Every evening one of them would go down to their fish trap and would select one of the fish for dinner. She’d grab it and snatch it out of the water – and asking the fish for understanding she’d thrust her knife into its spine – killing it quickly. Then she’d bring it up to where her sisters were cooking up a special assortment of roots, berries, and fresh shoots.
Usually the sisters would serve the salmon on a plank, like a treasure radiant in the firelight. But when conditions were poor or when the storms were raging especially hard, the sisters would fold the salmon into the vegetable mash they had prepared. In this way they could celebrate the salmon’s return from the sea to the land, from which it was spawned.
But all this occurred early in our history when people’s actions were often so incomprehensible that they might as well have been shorebirds pecking in the surf. In those early day all of us were trying out our parts, and it wasn’t clear who would turn out in the main roles. The beings that existed in those days were hard to distinguish from the animals, plants, places or things that comprised that place. The hierarchy of beings hadn’t yet taken shape. And even the people were tenuous beings that lived between the forest and the surf line, clutching onto the food chain somewhere between the big predators and the numbing fog and impenetrable mirk of the Coastal Range.
In this story it appears that Coyote got wind of the 5 beautiful sisters residing near the coast that were keeping all the salmon locked up in their fish weir. And this stuck in his craw. You see, Coyote always wanted to make everything free and give it away to everyone. It was one of his best qualities, because in doing this he taught the people to share.
Coyote was impatient with the set-up. He had very mixed-up feelings; he wasn’t sure what he wanted to do. He just wanted to do something, and he knew it might not be a good thing. You see, Coyote was always getting into trouble for following all the newest ideas, without considering the dangers they introduced. And he was always interested if it involved beautiful women.
In the end he decided to visit the sisters. But when he approached he realized that they might not be too receptive to his ideas, beings that he was about to give away all their treasures. So he consulted his inner “sisters” and they suggested he arrive as a newborn babe. And so it was that he floated downstream towards the weir, as the oldest sister was tending to their fish. It took some doing to get her attention, but in the end the sister brought the baby home.
The youngest of the sisters looked into his eyes and proclaimed that this was no babe, but was the Trickster himself. But the others did not believe her and so they took turns nestling Coyote to their breasts, and Coyote was well satisfied with his plan.
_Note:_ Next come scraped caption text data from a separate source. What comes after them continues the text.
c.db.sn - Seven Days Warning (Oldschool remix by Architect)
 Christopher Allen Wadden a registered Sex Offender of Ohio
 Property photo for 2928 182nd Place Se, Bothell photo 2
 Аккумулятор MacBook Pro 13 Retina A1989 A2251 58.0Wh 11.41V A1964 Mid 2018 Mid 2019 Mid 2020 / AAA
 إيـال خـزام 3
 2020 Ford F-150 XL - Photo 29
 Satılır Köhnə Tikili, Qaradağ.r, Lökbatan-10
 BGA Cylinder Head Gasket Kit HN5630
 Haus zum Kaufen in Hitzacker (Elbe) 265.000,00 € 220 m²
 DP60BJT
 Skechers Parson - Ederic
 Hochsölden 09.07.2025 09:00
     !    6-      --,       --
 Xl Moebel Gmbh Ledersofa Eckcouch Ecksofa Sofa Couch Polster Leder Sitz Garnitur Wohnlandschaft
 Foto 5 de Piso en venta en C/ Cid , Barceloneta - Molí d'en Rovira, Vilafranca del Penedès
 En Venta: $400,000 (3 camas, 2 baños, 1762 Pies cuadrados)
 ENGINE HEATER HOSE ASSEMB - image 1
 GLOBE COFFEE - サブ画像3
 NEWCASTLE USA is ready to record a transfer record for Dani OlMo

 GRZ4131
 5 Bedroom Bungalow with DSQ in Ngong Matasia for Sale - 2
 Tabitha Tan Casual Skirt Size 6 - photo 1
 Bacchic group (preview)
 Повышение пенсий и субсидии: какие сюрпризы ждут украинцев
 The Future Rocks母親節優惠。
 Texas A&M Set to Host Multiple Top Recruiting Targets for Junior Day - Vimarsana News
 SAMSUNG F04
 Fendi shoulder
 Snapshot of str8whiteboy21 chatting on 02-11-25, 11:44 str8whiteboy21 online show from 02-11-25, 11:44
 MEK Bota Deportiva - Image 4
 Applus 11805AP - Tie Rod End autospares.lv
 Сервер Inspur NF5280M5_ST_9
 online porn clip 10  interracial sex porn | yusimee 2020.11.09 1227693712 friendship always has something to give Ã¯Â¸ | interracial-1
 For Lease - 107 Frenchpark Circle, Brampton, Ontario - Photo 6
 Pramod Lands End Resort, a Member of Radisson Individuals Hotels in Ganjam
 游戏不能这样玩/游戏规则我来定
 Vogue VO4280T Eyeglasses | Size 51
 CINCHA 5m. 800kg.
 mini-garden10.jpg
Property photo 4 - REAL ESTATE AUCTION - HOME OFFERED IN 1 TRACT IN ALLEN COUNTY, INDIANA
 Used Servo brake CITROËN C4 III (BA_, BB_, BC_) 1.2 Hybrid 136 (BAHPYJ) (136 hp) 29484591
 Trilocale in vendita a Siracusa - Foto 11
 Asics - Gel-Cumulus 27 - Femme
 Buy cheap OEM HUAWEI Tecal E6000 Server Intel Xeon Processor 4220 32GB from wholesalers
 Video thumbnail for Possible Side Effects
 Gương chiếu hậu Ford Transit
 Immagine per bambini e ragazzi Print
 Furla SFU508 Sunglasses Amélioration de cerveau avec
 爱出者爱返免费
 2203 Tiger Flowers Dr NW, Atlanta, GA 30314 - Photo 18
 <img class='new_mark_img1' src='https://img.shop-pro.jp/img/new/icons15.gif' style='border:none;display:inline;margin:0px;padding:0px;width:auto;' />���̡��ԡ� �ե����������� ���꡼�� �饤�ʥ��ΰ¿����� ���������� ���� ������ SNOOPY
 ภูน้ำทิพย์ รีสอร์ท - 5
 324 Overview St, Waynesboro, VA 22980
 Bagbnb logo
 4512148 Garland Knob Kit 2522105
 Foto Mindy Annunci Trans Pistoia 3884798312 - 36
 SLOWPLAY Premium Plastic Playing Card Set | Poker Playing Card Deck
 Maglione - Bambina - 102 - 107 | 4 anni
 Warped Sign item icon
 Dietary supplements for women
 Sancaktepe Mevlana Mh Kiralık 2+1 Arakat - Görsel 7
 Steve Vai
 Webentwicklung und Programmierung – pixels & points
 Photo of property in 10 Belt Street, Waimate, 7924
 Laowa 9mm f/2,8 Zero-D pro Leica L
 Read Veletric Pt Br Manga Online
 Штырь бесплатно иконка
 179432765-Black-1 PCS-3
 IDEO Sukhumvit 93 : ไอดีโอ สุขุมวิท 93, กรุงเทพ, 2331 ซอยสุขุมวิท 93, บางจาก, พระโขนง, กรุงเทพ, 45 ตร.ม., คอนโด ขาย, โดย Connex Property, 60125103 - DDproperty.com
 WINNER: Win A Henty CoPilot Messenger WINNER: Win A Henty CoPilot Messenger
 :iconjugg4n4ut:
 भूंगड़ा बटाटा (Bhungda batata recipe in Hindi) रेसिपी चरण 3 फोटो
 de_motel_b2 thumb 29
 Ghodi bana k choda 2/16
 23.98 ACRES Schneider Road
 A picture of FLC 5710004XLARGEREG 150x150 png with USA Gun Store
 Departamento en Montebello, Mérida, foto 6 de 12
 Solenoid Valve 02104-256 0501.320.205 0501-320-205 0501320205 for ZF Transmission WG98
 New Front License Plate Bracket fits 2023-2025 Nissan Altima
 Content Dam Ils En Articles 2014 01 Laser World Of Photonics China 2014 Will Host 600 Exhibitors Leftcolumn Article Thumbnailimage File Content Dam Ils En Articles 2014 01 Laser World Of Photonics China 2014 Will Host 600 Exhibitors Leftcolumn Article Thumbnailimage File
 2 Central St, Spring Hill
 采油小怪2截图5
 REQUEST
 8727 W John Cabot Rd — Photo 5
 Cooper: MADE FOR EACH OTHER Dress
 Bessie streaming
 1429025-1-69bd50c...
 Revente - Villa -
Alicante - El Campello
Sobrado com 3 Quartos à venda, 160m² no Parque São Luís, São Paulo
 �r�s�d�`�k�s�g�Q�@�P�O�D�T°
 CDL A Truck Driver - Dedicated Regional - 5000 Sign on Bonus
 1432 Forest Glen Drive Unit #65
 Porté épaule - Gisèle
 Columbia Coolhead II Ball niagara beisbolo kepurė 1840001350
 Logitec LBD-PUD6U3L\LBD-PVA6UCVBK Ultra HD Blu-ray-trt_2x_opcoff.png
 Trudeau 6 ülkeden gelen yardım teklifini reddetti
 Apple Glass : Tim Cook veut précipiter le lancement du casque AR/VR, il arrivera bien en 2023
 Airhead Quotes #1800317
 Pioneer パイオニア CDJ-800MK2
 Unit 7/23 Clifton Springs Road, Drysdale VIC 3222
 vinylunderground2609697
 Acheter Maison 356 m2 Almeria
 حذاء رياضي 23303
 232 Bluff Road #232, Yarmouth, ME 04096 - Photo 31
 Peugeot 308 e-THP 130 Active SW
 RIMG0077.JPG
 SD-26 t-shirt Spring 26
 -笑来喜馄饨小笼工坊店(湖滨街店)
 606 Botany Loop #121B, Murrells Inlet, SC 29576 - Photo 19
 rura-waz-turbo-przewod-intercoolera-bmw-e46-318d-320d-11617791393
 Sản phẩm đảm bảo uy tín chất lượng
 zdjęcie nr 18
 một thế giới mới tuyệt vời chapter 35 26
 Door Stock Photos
When they went out in the mornings to gather food, they left him in his cradleboard dangling safely from a tree. At first he slept and in so doing fooled most of the women, but the youngest remained suspicious. And on the fourth morning she followed him down to the river where Coyote had assembled the tools he planned to use to destroy the weir. When the youngest sister saw that her suspicions were correct she called for her four siblings and together they battled the powerful Coyote. In the end they almost beat him back, but the violence had succeeded in breaching the weir and the salmon wasted no time in slipping out and swimming up the river.
And Coyote was there to encourage them all the way. At each village along the way, he would swagger in and announce that he had brought a new kind of food. Then he would barter with the headman and his wife to determine what their share of the bounty would be based on the beauty of the maiden that they brought to him. Some villages tried to negotiate and got moderate fish harvests, while others like the Indians residing at Kettle Falls presented him with a particularly fetching maiden and in return every year they harvest a great multitude of fish that try to ascend the falls. And so it went on up the length of the Columbia River as far up as the chilly villages of the Kootenay Indians living high up in the Canadian Rockies.
Coyote was the epitome of self-centered self-indulgence. But it must be said, he also among the first creatures to think for himself at a time when everything was still unsettled and uncertain. When he was desperate or confused he would consult his “little sisters”. They would tell him what to do, but he never acknowledged their help, claiming that he had thought of the solution way before his “little sisters” had. Besides, Coyote could be very, very wise.
Most people know that when they hear about the Coyote, they will learn what not to do, how not to behave, and who not to be like. But in this instance Coyote was very wise, and many people wonder why he hasn’t returned to destroy the 21 enormous dams that have been constructed all along the mighty Columbia.